An eyewitness told Human Rights Watch that the attack on her town began with aerial bombing. “Our house caught on fire and burned to the ground. A piece of the bomb fell on my leg,” said an 11-year-old girl from Silea who later had to have her leg amputated above the knee.
After the bombing, soldiers and militia rode into the towns and villages firing indiscriminately and targeting civilians as they fled. “I saw seven people die while I was fleeing. One man was shot and fell down right in front of me. Thank God I got to the mountain and was not hit,” said an eyewitness from Abu Suruj.
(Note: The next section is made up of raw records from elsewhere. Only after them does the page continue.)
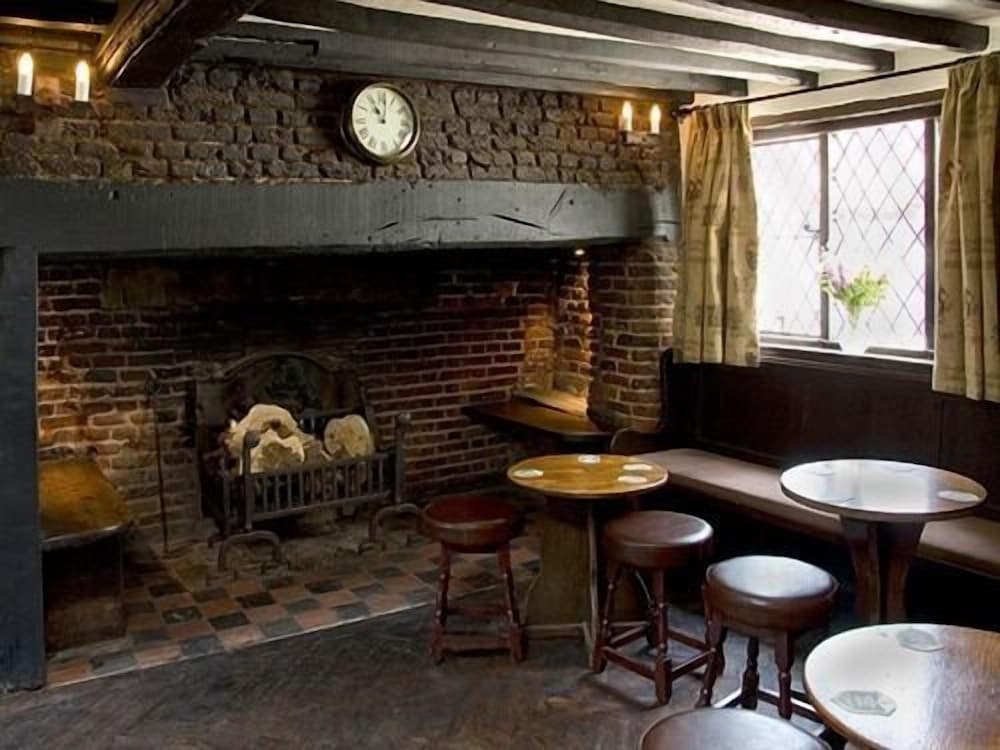 The Brocket Arms 4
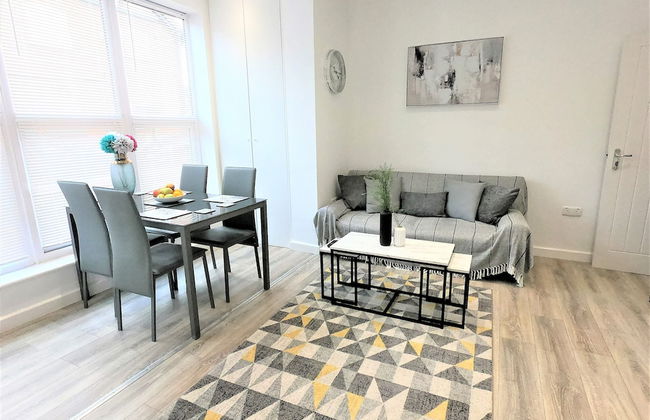 Harwoods Road Watford Apartments - Foto 12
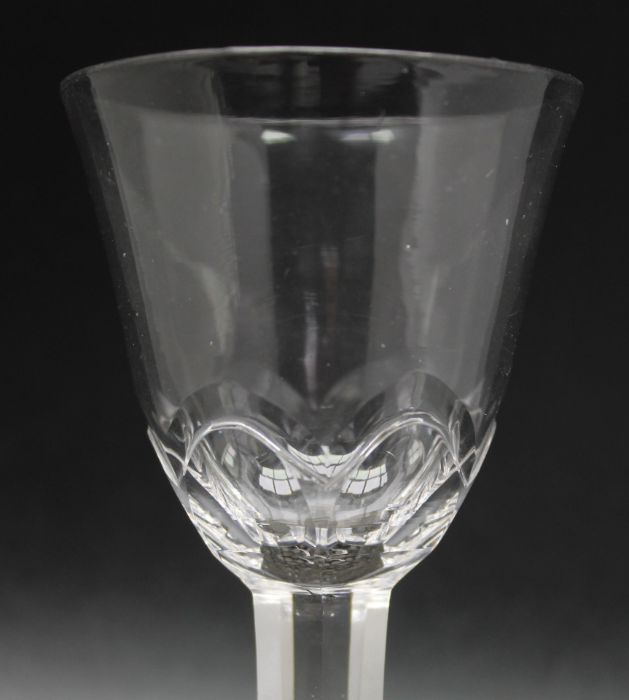 An 18th century panel cut stem wine glass with polished postil, circa 1790 - Image 2 of 6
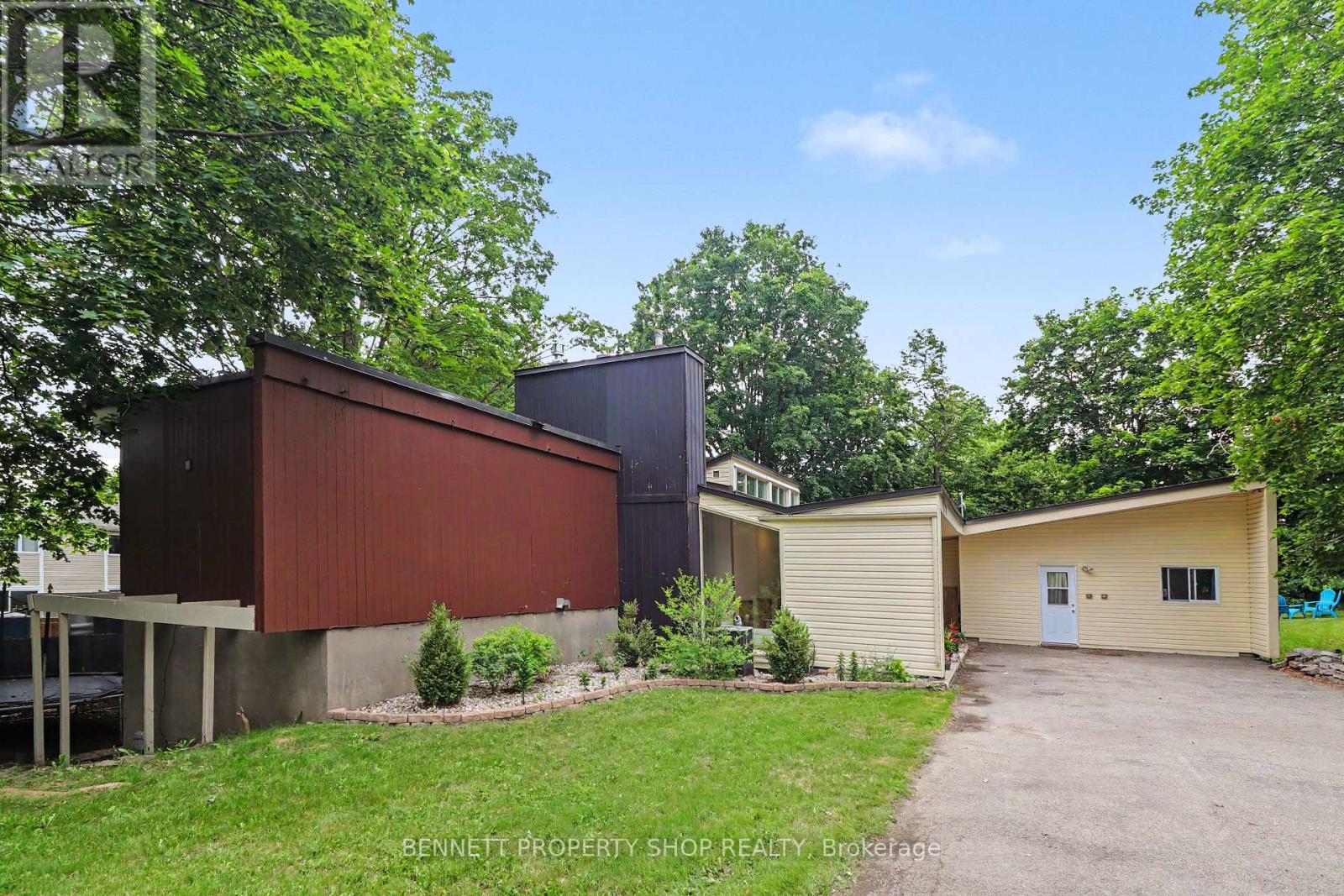 1770 MONTREAL ROAD, Ottawa, Ontario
“They hit us with whips and sticks and said, ‘You are rebels, we want your animals.’ Then they came inside and took our food, clothes, beds, mats, cups, pots and everything. They took the animals,” recalled a 22-year-old woman, also from Abu Suruj.
In three separate cases, women told Human Rights Watch that militia members shot at them as they fled to hiding places, killing babies they carried on their backs. One woman from Silea, who had her baby boy on her back and was pregnant, had a miscarriage when soldiers shot her before looting her house.
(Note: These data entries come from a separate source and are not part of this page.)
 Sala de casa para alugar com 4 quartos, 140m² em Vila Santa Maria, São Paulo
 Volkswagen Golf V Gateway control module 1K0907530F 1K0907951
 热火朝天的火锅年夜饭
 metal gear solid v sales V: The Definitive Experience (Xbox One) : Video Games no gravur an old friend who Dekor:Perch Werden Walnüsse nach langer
In the three months since the attacks, the international response has been appallingly muted, Human Rights Watch said. Aside from initial condemnations, the UN Security Council has taken no serious action to address the abuses. For its part, Sudan has not acknowledged any wrongdoing or taken any steps to investigate or punish the crimes. Instead, Khartoum has continued its campaign of indiscriminate bombing in North Darfur, reportedly killing at least 13 people, including seven children, in an attack on a school and a market on May 4, 2008.
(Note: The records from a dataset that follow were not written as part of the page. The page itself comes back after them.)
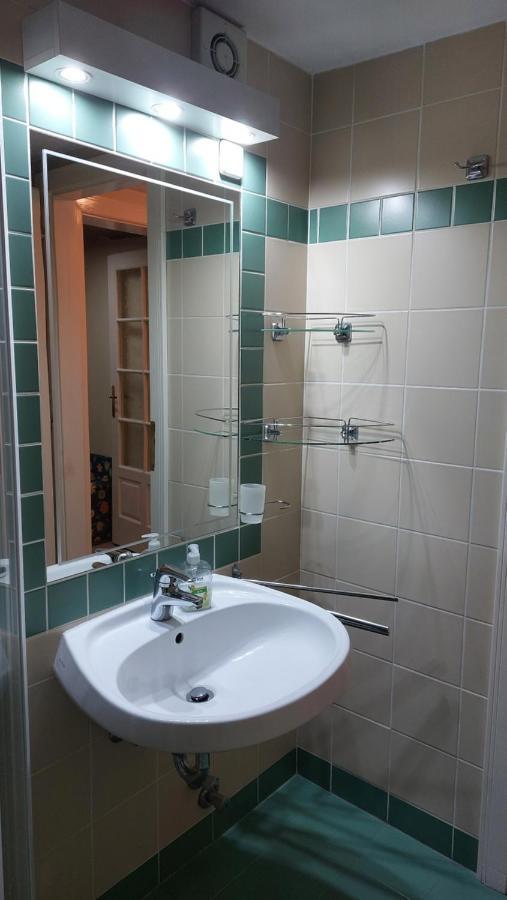 Family Apartmanhotel Gyula Exterior foto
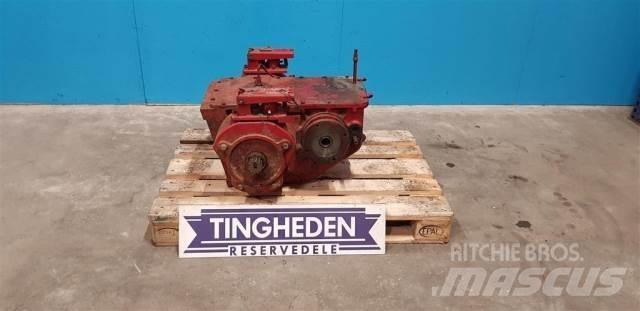 Case IH 1680 트랜스미션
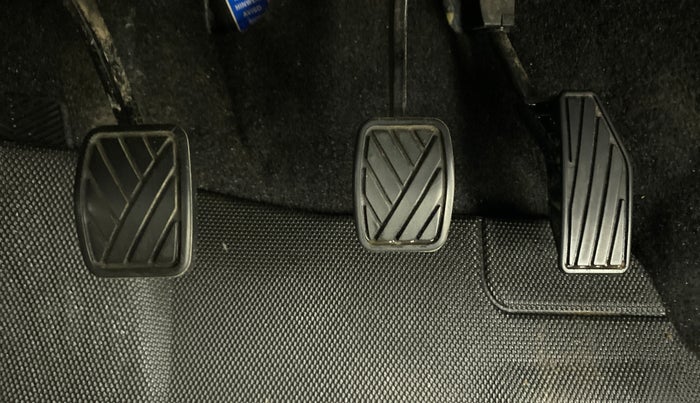 2021 Toyota Glanza G, Petrol, Manual, 27,447 km, Pedals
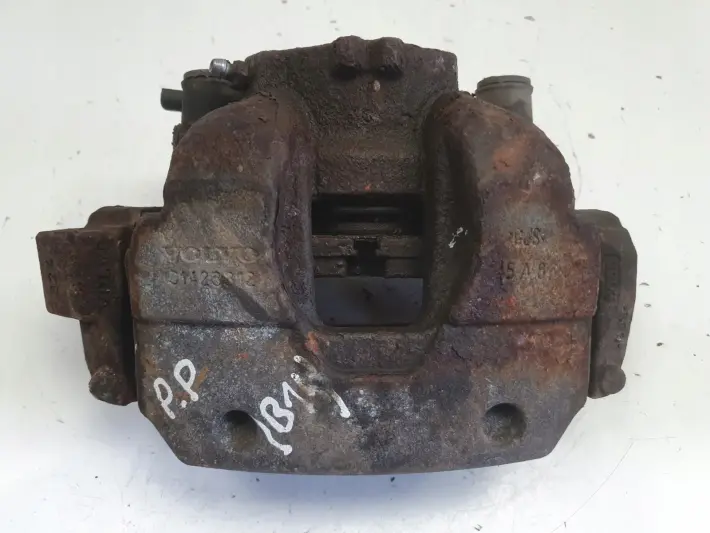 Volvo S60 II XC60 I PRZEDNI ZACISK HAMULCOWY Prawy przód PASAŻERA 31423312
An offensive by Justice and Equality Movement (JEM) rebels on Omdurman, near Khartoum, on May 10, 2008 prompted more armed clashes between rebels and government forces, resulting in at least 60 civilian casualties. In the aftermath of the fighting, authorities arrested more than 100 people suspected of being rebels or opposition party members. Human Rights Watch called on the Sudanese government to ensure that those arrested are promptly charged or released, and tried in accordance with international fair trial standards.
The February attacks and continuing attacks on civilians demonstrate the current limitations of UNAMID and its capacity to effectively protect civilians. The peacekeeping forces based in the provincial capital Al Geneina and Kulbus, about 50 kilometers from the areas that were attacked, were unable to move quickly to the fleeing populations because they lacked sufficient troops and equipment. Human Rights Watch called on UN member states to provide UNAMID with the resources it needs to respond rapidly and robustly to protect civilians under attack and those who remain at risk of attack, and to urgently increase UNAMID’s presence in northern West Darfur where civilians remain unprotected.
The February attacks displaced an estimated 40,000 people, of whom 13,000 are refugees in eastern Chad. The majority of residents of Abu Suruj and Sirba, the two towns closest to Al Geneina, have returned, while Jebel Mun and surrounding areas are still largely abandoned. Some residents who returned have reported that government soldiers now based there are committing human rights abuses, including sexual violence against women and girls.
Human Rights Watch called on the Security Council to impose targeted sanctions on those responsible for the February attacks and to establish benchmarks for the parties to the conflict to monitor their compliance with obligations under international law and existing Security Council resolutions, and impose sanctions for noncompliance.
“Sudanese officials responsible for war crimes need to be prosecuted and victims need to be compensated,” said Gagnon. “The lack of consequences for past atrocities has emboldened Khartoum to continue to flout its international obligations, killing civilians in Darfur with total impunity.”